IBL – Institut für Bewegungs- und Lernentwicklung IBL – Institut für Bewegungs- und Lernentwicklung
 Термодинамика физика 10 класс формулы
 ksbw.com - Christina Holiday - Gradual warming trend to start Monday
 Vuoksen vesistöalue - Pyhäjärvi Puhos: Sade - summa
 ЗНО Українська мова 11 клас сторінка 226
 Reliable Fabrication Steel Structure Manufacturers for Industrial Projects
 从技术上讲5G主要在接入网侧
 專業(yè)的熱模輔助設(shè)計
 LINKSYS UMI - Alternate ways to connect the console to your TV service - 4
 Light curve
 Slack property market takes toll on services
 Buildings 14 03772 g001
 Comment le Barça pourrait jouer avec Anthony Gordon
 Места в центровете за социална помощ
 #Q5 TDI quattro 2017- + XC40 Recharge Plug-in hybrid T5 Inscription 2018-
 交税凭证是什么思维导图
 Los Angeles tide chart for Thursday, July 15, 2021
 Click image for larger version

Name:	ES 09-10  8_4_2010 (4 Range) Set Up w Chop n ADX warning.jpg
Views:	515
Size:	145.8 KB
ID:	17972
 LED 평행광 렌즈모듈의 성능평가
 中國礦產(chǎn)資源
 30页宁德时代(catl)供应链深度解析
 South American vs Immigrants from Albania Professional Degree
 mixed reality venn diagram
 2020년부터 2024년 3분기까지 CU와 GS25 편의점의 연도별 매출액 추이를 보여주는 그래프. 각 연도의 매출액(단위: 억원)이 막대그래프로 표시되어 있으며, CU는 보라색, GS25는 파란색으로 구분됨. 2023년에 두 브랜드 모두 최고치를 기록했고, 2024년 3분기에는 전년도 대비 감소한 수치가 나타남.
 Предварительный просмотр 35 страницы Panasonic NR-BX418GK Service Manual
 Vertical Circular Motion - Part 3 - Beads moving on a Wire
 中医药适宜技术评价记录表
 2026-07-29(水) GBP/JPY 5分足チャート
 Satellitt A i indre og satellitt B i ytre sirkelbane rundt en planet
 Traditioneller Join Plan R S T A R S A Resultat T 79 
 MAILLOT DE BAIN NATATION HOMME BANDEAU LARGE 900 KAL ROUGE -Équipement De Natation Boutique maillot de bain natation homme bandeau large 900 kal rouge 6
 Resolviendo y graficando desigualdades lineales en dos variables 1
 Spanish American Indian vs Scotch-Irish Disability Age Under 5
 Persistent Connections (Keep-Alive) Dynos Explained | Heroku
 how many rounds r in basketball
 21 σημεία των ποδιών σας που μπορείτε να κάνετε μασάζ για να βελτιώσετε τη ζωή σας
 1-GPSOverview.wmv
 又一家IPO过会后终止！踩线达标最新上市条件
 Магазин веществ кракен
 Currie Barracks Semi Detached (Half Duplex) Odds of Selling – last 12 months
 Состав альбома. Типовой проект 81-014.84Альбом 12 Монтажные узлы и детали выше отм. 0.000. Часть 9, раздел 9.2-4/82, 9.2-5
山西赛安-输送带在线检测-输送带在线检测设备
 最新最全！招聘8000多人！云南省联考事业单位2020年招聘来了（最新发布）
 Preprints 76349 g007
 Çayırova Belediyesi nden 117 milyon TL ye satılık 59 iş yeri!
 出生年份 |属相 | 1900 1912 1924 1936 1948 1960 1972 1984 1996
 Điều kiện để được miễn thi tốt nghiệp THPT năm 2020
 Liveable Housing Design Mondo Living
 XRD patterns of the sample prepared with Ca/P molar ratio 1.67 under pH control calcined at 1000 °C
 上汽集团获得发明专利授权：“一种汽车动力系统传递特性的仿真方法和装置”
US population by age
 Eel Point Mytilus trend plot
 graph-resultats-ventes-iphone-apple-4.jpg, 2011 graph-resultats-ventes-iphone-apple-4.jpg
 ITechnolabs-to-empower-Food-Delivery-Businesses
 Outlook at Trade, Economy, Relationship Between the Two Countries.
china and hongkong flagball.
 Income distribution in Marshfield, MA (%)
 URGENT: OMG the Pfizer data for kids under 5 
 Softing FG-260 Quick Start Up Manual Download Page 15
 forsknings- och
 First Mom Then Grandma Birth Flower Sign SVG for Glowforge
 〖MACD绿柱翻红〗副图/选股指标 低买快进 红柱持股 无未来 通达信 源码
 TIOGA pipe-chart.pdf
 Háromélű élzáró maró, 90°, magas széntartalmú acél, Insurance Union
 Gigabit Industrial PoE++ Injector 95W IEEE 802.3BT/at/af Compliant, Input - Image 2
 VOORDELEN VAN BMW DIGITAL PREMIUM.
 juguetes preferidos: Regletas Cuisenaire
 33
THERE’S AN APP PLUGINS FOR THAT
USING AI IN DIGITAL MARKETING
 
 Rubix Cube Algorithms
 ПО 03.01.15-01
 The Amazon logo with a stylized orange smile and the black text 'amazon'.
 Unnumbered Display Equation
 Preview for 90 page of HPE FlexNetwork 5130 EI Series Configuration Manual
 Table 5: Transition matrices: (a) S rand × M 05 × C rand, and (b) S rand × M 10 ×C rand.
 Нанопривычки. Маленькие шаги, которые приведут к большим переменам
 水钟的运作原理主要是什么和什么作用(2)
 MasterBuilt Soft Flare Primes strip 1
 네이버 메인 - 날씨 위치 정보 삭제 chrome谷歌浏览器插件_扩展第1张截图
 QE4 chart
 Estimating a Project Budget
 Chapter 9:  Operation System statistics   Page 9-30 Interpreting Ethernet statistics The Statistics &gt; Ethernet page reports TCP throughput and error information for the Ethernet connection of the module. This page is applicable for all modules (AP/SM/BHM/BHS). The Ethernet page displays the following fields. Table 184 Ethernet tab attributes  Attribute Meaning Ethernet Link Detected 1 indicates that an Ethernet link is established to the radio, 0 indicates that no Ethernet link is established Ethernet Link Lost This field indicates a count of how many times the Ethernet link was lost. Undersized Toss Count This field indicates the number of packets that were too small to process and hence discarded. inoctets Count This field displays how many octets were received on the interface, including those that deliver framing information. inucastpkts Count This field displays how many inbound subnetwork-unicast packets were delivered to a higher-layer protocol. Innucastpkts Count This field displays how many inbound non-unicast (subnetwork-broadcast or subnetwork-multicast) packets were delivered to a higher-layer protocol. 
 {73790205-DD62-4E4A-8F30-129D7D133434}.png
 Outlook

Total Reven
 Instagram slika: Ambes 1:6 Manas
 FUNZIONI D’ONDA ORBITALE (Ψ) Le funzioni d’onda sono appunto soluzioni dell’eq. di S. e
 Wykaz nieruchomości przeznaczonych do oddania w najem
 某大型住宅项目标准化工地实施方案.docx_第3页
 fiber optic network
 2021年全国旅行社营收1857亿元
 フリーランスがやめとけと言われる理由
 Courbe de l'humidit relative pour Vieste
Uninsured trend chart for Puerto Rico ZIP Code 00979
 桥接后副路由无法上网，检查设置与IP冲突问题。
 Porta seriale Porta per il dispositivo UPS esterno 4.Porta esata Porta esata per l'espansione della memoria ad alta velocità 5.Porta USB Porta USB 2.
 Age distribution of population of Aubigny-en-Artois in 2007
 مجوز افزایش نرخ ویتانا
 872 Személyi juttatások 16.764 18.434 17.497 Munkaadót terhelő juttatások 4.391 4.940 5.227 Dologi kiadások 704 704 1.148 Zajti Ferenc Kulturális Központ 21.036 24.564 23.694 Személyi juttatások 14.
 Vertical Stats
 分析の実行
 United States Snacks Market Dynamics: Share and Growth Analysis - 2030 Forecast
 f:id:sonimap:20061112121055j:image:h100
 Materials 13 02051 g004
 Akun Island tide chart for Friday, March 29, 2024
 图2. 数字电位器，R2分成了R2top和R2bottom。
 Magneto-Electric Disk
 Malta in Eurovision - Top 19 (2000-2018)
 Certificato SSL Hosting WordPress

▬▬▬▬▬▬▬▬▬▬

▶ [Exercise]:
The data above should be reproduced in full, word for word.

▶ [Answer box]:
IBL – Institut für Bewegungs- und Lernentwicklung IBL – Institut für Bewegungs- und Lernentwicklung
 Термодинамика физика 10 класс формулы
 ksbw.com - Christina Holiday - Gradual warming trend to start Monday
 Vuoksen vesistöalue - Pyhäjärvi Puhos: Sade - summa
 ЗНО Українська мова 11 клас сторінка 226
 Reliable Fabrication Steel Structure Manufacturers for Industrial Projects
 从技术上讲5G主要在接入网侧
 專業(yè)的熱模輔助設(shè)計
 LINKSYS UMI - Alternate ways to connect the console to your TV service - 4
 Light curve
 Slack property market takes toll on services
 Buildings 14 03772 g001
 Comment le Barça pourrait jouer avec Anthony Gordon
 Места в центровете за социална помощ
 #Q5 TDI quattro 2017- + XC40 Recharge Plug-in hybrid T5 Inscription 2018-
 交税凭证是什么思维导图
 Los Angeles tide chart for Thursday, July 15, 2021
 Click image for larger version

Name:	ES 09-10  8_4_2010 (4 Range) Set Up w Chop n ADX warning.jpg
Views:	515
Size:	145.8 KB
ID:	17972
 LED 평행광 렌즈모듈의 성능평가
 中國礦產(chǎn)資源
 30页宁德时代(catl)供应链深度解析
 South American vs Immigrants from Albania Professional Degree
 mixed reality venn diagram
 2020년부터 2024년 3분기까지 CU와 GS25 편의점의 연도별 매출액 추이를 보여주는 그래프. 각 연도의 매출액(단위: 억원)이 막대그래프로 표시되어 있으며, CU는 보라색, GS25는 파란색으로 구분됨. 2023년에 두 브랜드 모두 최고치를 기록했고, 2024년 3분기에는 전년도 대비 감소한 수치가 나타남.
 Предварительный просмотр 35 страницы Panasonic NR-BX418GK Service Manual
 Vertical Circular Motion - Part 3 - Beads moving on a Wire
 中医药适宜技术评价记录表
 2026-07-29(水) GBP/JPY 5分足チャート
 Satellitt A i indre og satellitt B i ytre sirkelbane rundt en planet
 Traditioneller Join Plan R S T A R S A Resultat T 79 
 MAILLOT DE BAIN NATATION HOMME BANDEAU LARGE 900 KAL ROUGE -Équipement De Natation Boutique maillot de bain natation homme bandeau large 900 kal rouge 6
 Resolviendo y graficando desigualdades lineales en dos variables 1
 Spanish American Indian vs Scotch-Irish Disability Age Under 5
 Persistent Connections (Keep-Alive) Dynos Explained | Heroku
 how many rounds r in basketball
 21 σημεία των ποδιών σας που μπορείτε να κάνετε μασάζ για να βελτιώσετε τη ζωή σας
 1-GPSOverview.wmv
 又一家IPO过会后终止！踩线达标最新上市条件
 Магазин веществ кракен
 Currie Barracks Semi Detached (Half Duplex) Odds of Selling – last 12 months
 Состав альбома. Типовой проект 81-014.84Альбом 12 Монтажные узлы и детали выше отм. 0.000. Часть 9, раздел 9.2-4/82, 9.2-5
山西赛安-输送带在线检测-输送带在线检测设备
 最新最全！招聘8000多人！云南省联考事业单位2020年招聘来了（最新发布）
 Preprints 76349 g007
 Çayırova Belediyesi nden 117 milyon TL ye satılık 59 iş yeri!
 出生年份 |属相 | 1900 1912 1924 1936 1948 1960 1972 1984 1996
 Điều kiện để được miễn thi tốt nghiệp THPT năm 2020
 Liveable Housing Design Mondo Living
 XRD patterns of the sample prepared with Ca/P molar ratio 1.67 under pH control calcined at 1000 °C
 上汽集团获得发明专利授权：“一种汽车动力系统传递特性的仿真方法和装置”
US population by age
 Eel Point Mytilus trend plot
 graph-resultats-ventes-iphone-apple-4.jpg, 2011 graph-resultats-ventes-iphone-apple-4.jpg
 ITechnolabs-to-empower-Food-Delivery-Businesses
 Outlook at Trade, Economy, Relationship Between the Two Countries.
china and hongkong flagball.
 Income distribution in Marshfield, MA (%)
 URGENT: OMG the Pfizer data for kids under 5 
 Softing FG-260 Quick Start Up Manual Download Page 15
 forsknings- och
 First Mom Then Grandma Birth Flower Sign SVG for Glowforge
 〖MACD绿柱翻红〗副图/选股指标 低买快进 红柱持股 无未来 通达信 源码
 TIOGA pipe-chart.pdf
 Háromélű élzáró maró, 90°, magas széntartalmú acél, Insurance Union
 Gigabit Industrial PoE++ Injector 95W IEEE 802.3BT/at/af Compliant, Input - Image 2
 VOORDELEN VAN BMW DIGITAL PREMIUM.
 juguetes preferidos: Regletas Cuisenaire
 33
THERE’S AN APP PLUGINS FOR THAT
USING AI IN DIGITAL MARKETING
 
 Rubix Cube Algorithms
 ПО 03.01.15-01
 The Amazon logo with a stylized orange smile and the black text 'amazon'.
 Unnumbered Display Equation
 Preview for 90 page of HPE FlexNetwork 5130 EI Series Configuration Manual
 Table 5: Transition matrices: (a) S rand × M 05 × C rand, and (b) S rand × M 10 ×C rand.
 Нанопривычки. Маленькие шаги, которые приведут к большим переменам
 水钟的运作原理主要是什么和什么作用(2)
 MasterBuilt Soft Flare Primes strip 1
 네이버 메인 - 날씨 위치 정보 삭제 chrome谷歌浏览器插件_扩展第1张截图
 QE4 chart
 Estimating a Project Budget
 Chapter 9:  Operation System statistics   Page 9-30 Interpreting Ethernet statistics The Statistics &gt; Ethernet page reports TCP throughput and error information for the Ethernet connection of the module. This page is applicable for all modules (AP/SM/BHM/BHS). The Ethernet page displays the following fields. Table 184 Ethernet tab attributes  Attribute Meaning Ethernet Link Detected 1 indicates that an Ethernet link is established to the radio, 0 indicates that no Ethernet link is established Ethernet Link Lost This field indicates a count of how many times the Ethernet link was lost. Undersized Toss Count This field indicates the number of packets that were too small to process and hence discarded. inoctets Count This field displays how many octets were received on the interface, including those that deliver framing information. inucastpkts Count This field displays how many inbound subnetwork-unicast packets were delivered to a higher-layer protocol. Innucastpkts Count This field displays how many inbound non-unicast (subnetwork-broadcast or subnetwork-multicast) packets were delivered to a higher-layer protocol. 
 {73790205-DD62-4E4A-8F30-129D7D133434}.png
 Outlook

Total Reven
 Instagram slika: Ambes 1:6 Manas
 FUNZIONI D’ONDA ORBITALE (Ψ) Le funzioni d’onda sono appunto soluzioni dell’eq. di S. e
 Wykaz nieruchomości przeznaczonych do oddania w najem
 某大型住宅项目标准化工地实施方案.docx_第3页
 fiber optic network
 2021年全国旅行社营收1857亿元
 フリーランスがやめとけと言われる理由
 Courbe de l'humidit relative pour Vieste
Uninsured trend chart for Puerto Rico ZIP Code 00979
 桥接后副路由无法上网，检查设置与IP冲突问题。
 Porta seriale Porta per il dispositivo UPS esterno 4.Porta esata Porta esata per l'espansione della memoria ad alta velocità 5.Porta USB Porta USB 2.
 Age distribution of population of Aubigny-en-Artois in 2007
 مجوز افزایش نرخ ویتانا
 872 Személyi juttatások 16.764 18.434 17.497 Munkaadót terhelő juttatások 4.391 4.940 5.227 Dologi kiadások 704 704 1.148 Zajti Ferenc Kulturális Központ 21.036 24.564 23.694 Személyi juttatások 14.
 Vertical Stats
 分析の実行
 United States Snacks Market Dynamics: Share and Growth Analysis - 2030 Forecast
 f:id:sonimap:20061112121055j:image:h100
 Materials 13 02051 g004
 Akun Island tide chart for Friday, March 29, 2024
 图2. 数字电位器，R2分成了R2top和R2bottom。
 Magneto-Electric Disk
 Malta in Eurovision - Top 19 (2000-2018)
 Certificato SSL Hosting WordPress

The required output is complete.